One woman said to him, “She (meaning Bhotmange’s
murdered wife) did not how to live by the rules.”
While the story moved from being a crime story
to being a law and order story, it was treated
less as a caste atrocity story. He also spoke
of how Bhaiyalal Bhotmange had been taken around
by activists and political parties to repeat his
story. It was pathetic to see him paraded like
this, he said, and asked whether this helped the
cause.
Even as the discussion
began, we got a message that Bhaiyalal Bhotmange
was next door and before we could decide what
should be done, some activists brought him in.
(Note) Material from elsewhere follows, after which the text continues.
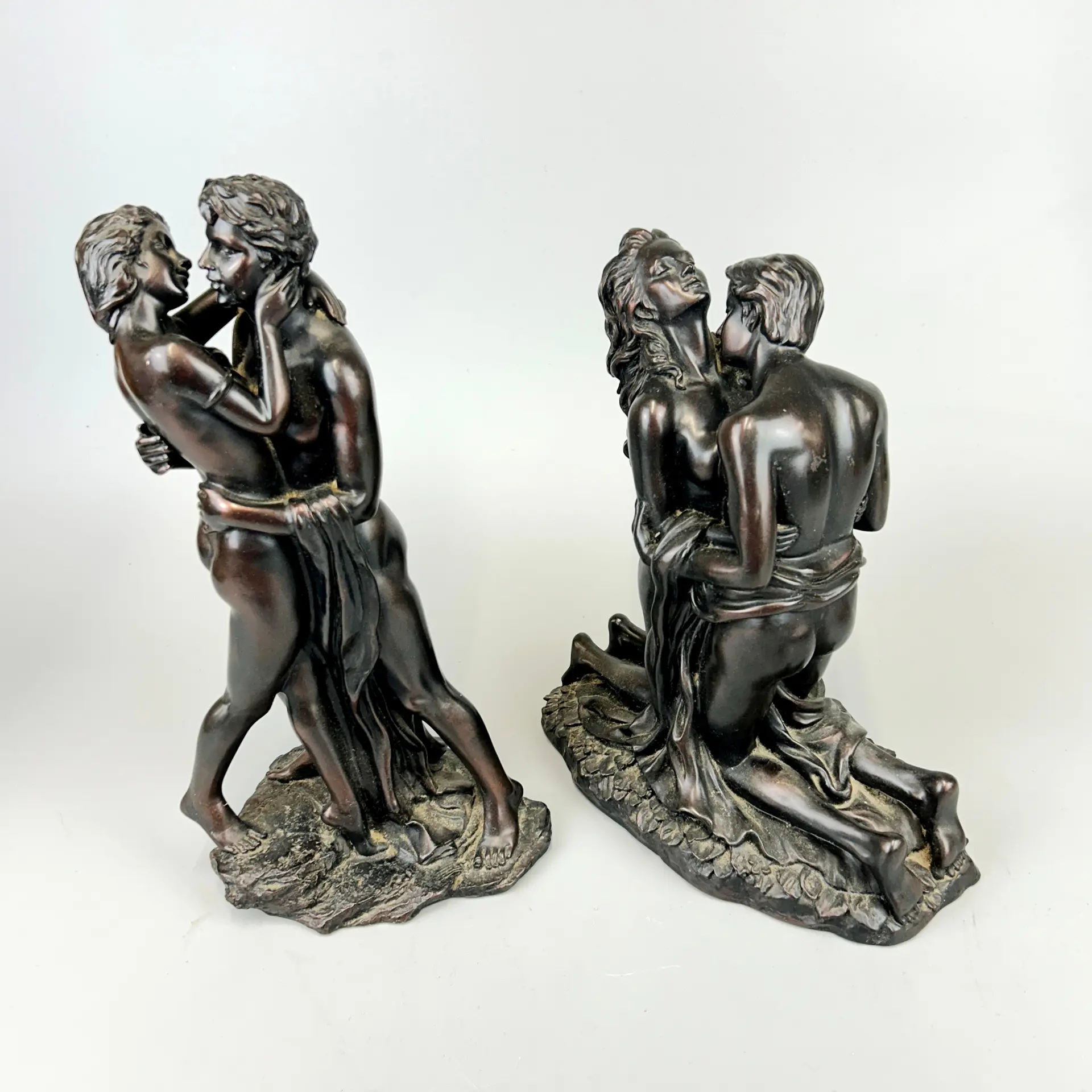 BRONZED RESIN FIGURES.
The flow of the discussion, which had just begun
after the three speakers, was broken. But on the
other hand, as he was in the area, it would have
been extremely difficult to refuse to let him
come as we were discussing Khairlanji. Bhotmange
asked the journalists to ask him questions and
then said that he had met R. R. Patil and demanded
that the policemen involved be arrested. One of
the other activists from Bhandara district thanked
the press for highlighting the issue and said
that this was their only hope of getting some
justice.
After Bhotmange
and the political activists with him left, a discussion
followed in which many members of the media, especially
from the language press, as well as human rights
activists participated. One reporter from a daily
Marathi newspaper admitted that coverage of such
incidents in the language media was no different
that that in the English-language newspapers.
Someone else mentioned that most often the media
merely reproduces what the government or police
tells them — which made someone remark that
“most crime reporters were police stenographers”.
Journalists talked about the space for meaningful
reporting shrinking in the mainstream media and
attempts by some of them to hold on to such spaces.
Mr Teltumbde said that what needs urgent coverage
now is the violence against Dalit protesters post
the Khairlanji massacre — in many cases
where peaceful protesters have been labeled as
“Naxalites” they are now being harassed
by local police and have had to run for cover.